Douma apologized in court and told U.S. Magistrate Judge Thomas Coffin that he set aside the mail because he had felt pressured for time while working in a job that required him to sort, scan and deliver mail.
I wasnt intending on keeping the mail, Douma, 27, told Coffin.
Prosecutor William Bud Fitzgerald basically confirmed that assertion, telling Coffin that Douma had committed a crime of failing to do something he should have done.
John Masters, an agent with the U.S. Postal Service Office of Inspector General, said his agency considers a crime such as Doumas to be a very serious matter.
Mr. Douma was required to protect the sanctity and security of U.S. mail entrusted to him, Masters said.
Agents with Masters office worked with local authorities to investigate the case. Masters, citing federal law and agency policy, declined to say whether Douma had been fired in connection with the undelivered mail.
While Douma no longer works for the Postal Service, he has found a new job. His attorney, Clayton Tullos of Eugene, said after Doumas court appearance that given the facts, we feel this was an appropriate resolution of the criminal case.
The charge of mail obstruction carries a maximum prison sentence of six months upon conviction.

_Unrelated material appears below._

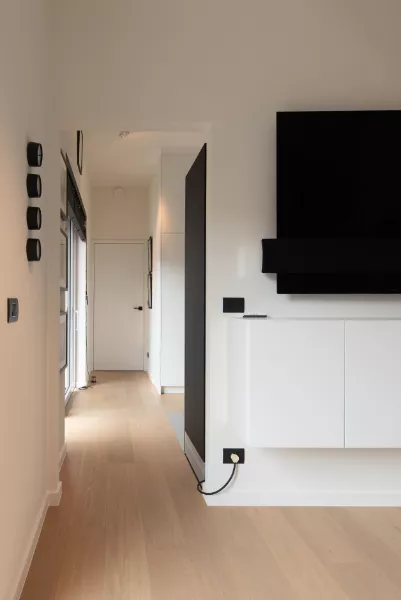 Recent instapklaar luxe-appartement met 2 slpk, dressing en zonneterras te Nieuwpoort-Stad.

Douma was not jailed
Its a crime for federal workers to be lazy and not do their jobs????
Discarded in two bins on his front porch? Not the highest-wattage light bulb in the Post Office, one would assume.
In the Showtime TV series “Weeds”, Richard Dreyfuss played a mailman who used his entire house to store mail he didn’t deliver.

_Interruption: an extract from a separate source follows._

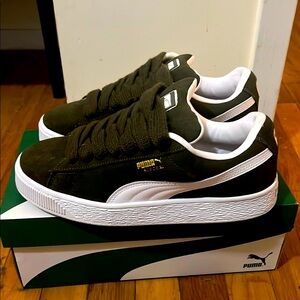 Puma Men's Black Sneakers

It is in their very best interest to discard it ASAP. These people would not make master criminals.
And how many peoples lives were disrupted when mail they were waiting for never arrived?
That must have been what happened to that check I was waiting for from the Nigerian king who I befriended on email...
What? You too!?
DANG!
Double DANG!
I’ve decided my post lady or her husband love Cabela’s. I’ve never received my Cabela’s Bucks (even though their customer service can give me the date they were mailed) and I stopped receiving Cabela’s coupons since I moved to this house. I still get the monthly flyer, just not the savings coupons.
She won’t get out of her truck and honks when she has a package. Last summer she left my brand new Oakley glasses sitting in a box ON TOP of my mailbox. It sat there from 11 AM till about 6 PM, when I pulled up to my driveway. It’s a good thing I’m on a Cul-de-sac.
BTW, I’m gonna propose a new “rule” for Free Republic, namely that at least one picture of Newman MUST be posted on any thread about the U.S. Post Office.
This is one of many reasons I have all my mail sent to a mail stop store.